The program, called the EULAR Network of Trial Centers (ENTRI), is designed to centralize key details about European trial centers — such as their areas of expertise, staffing and technology — to speed up the process of designing and initiating clinical trials. The goal is to clear up a research pathway that Cope described as expensive, time-consuming and “fraught with banana skins.”

“We’re providing the necessary infrastructure so that anybody can come to us and say, ‘I want to do a study in this particular condition.
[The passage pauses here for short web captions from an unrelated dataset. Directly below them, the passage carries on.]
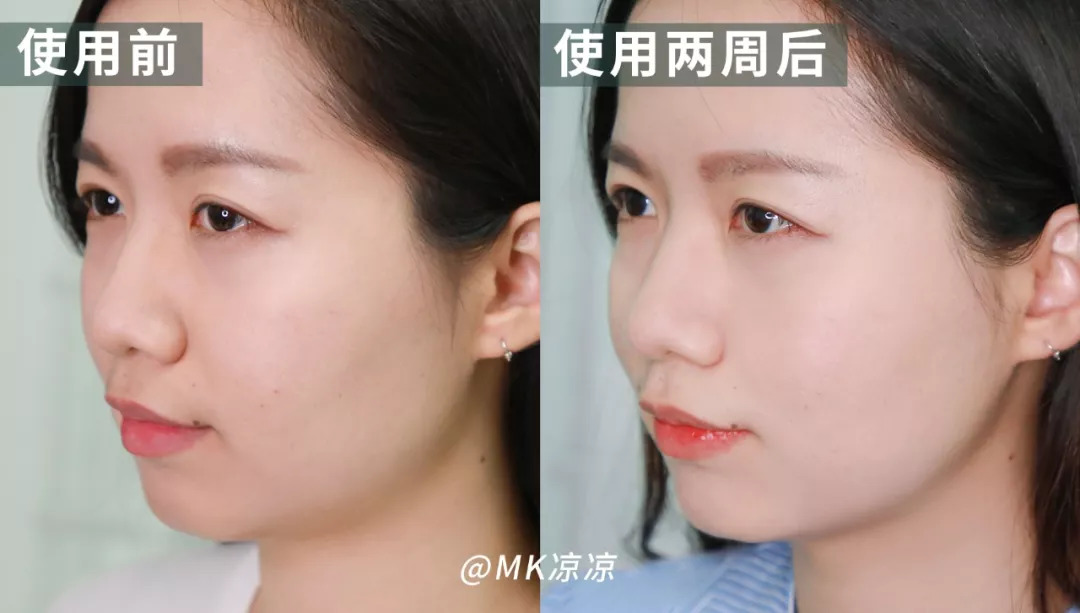 14天怎么能让脸变瘦,14天怎么让脸变小超有效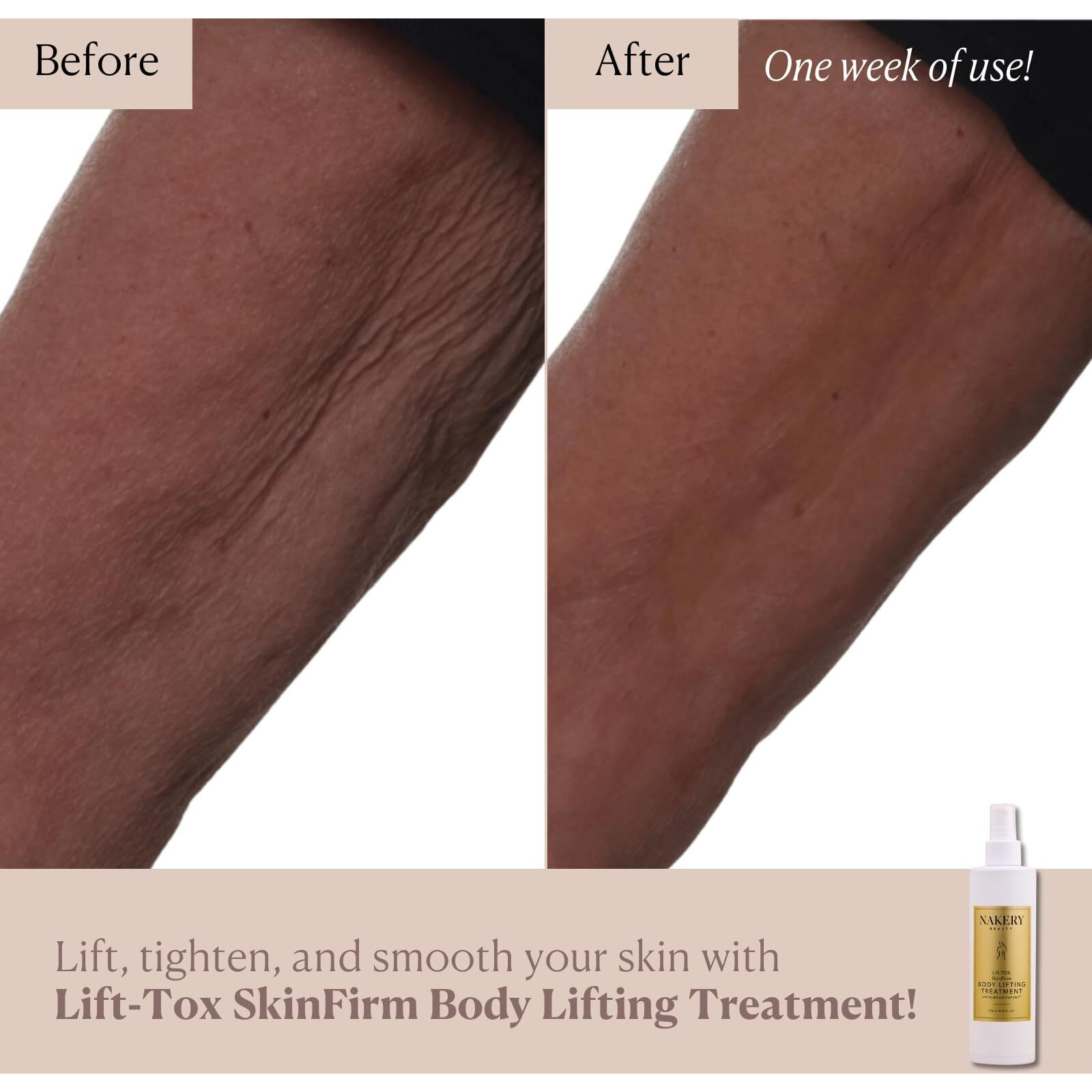 Nakery Lift-Tox Skinfirm Spray, Skin Tightening Cream For Body, Firming Body Lotion Instantly Lifts Saggy Areas & Smooths Cellulite, Crepey Skin Repair, Clinically Proven Body Lifting Treatment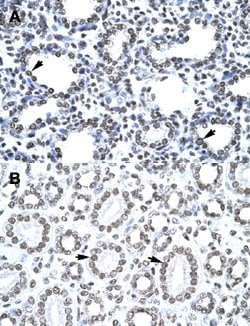 CITED1 Rabbit anti-Human, Polyclonal, Abnova 100uL:Antibodies, Polyclonal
Who should we talk to?’” Cope said.

The program is already well on its way to enrolling the target number of centers, he added.

“As of today, we’re very pleased to report that we’ve had expressions of interest — formal applications to become members of this network — from nearly 150 centers,” Cope said. “We’re aiming for upwards of 400 to 500 centers across 43 member states.”

One of the network’s strengths is that it welcomes more trial centers than just the “centers of excellence” typically used by the private sector, according to Cope.

“By opening up the network to hundreds and hundreds of centers, where the populations are extensive and there is training and the expertise — and EULAR can provide some of that — we’ll be in a much better position to do some of the more challenging studies,” he said.

Asked which area of rheumatology he hopes the network addresses first, Cope said “the interest from stakeholders in the private sector has been almost universally with the more complicated conditions.”

He added that pain is “another big area we want to cover,” as well as fatigue.